The NRA has been working diligently for decades to gut gun licensing laws, making it trivial for criminals, crazies and terrorists to get hold of military grade weapons and making it hard for law enforcement to catch them. Our gun permitting process needs to completely revamped. It needs to be nationwide, and include criminal and mental health history, fingerprints, photos, face recognition and previous gun and ammo purchases. This will allow police to quickly investigate gun permit applications in the time frame dictated by the NRA's desires for instant gratification.

If the NRA is going to insist on a right to buy guns on demand, the rest of us have the right to keep them out of the hands of crazies, criminals and incompetents.

4 comments:

Mark Ward said...

The Oberender story was proof positive that our current system is flawed. I'm very relieved that someone got him before he did any damage. Once again, another young white man with mental problems and whole lot of guns. This is where the mental health aspect of the president's plan comes into play. What is it about this demographic that leads to spree shootings?

Further, why in the fuck is the gun lobby now against universal background checks and/or improving the current system of registration?

Juris Imprudent said...

I believe the NRA does not oppose universal background checks.

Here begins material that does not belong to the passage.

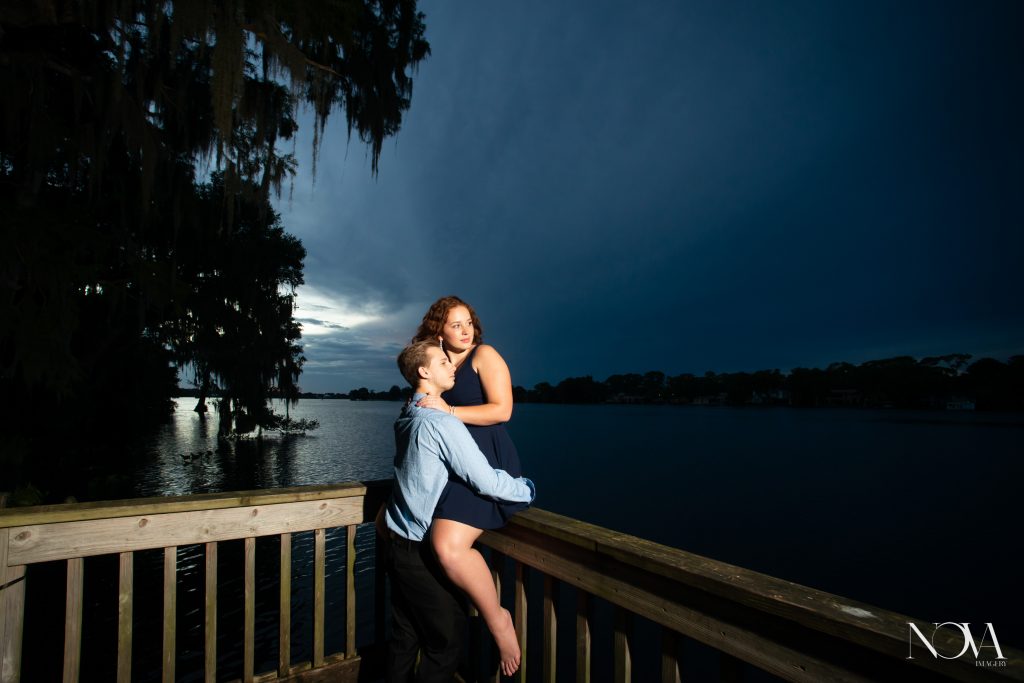Engaged couple enjoying lake view on the dock, at Kraft Azalea Garden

I oppose them because the federal govt does not have the constitutional authority to implement that (as it relies on the general police power).

There is no current system of registration.

Anonymous said...

universal background checks

You mean like requiring grandpa to pay for a background check on his grandson in order to give him his old hunting rifle? That kind of universal background check?

You also mean universal background checks that would be impossible to enforce without first registering all guns? Registering? You know, that thing that precedes all gun confiscations. I wonder why some people may be against such schemes....

Larry said...

I'm wondering (still!) what these "military grade" weapons are. What military in the world buys small-bore semi-auto rifles for their troops? AR-pattern rifles happen to be the most commonly sold sporting rifle in the country and have been for years. If you want "military grade", you have to buy from the Mexican drug gangs with their arsenals of full-auto M-16s stolen or bought from the Mexican military, or smuggled in from elsewhere (and not the US).

And the marching morons wanting to ban standard-capacity magazines are equally ignorant. Except for the venerable 100+ years old Colt 1911 with it's single-stack 7-8 round magazine, the "magazine clips of high-caliber capacity" have simply been the standard for decades, except for compact-sized pistols meant for concealed carry.

"Facts" are just tools of the oppressor, though, and critical thinkers can't be bothered with such tawdry details. After all, at this point, do they really matter?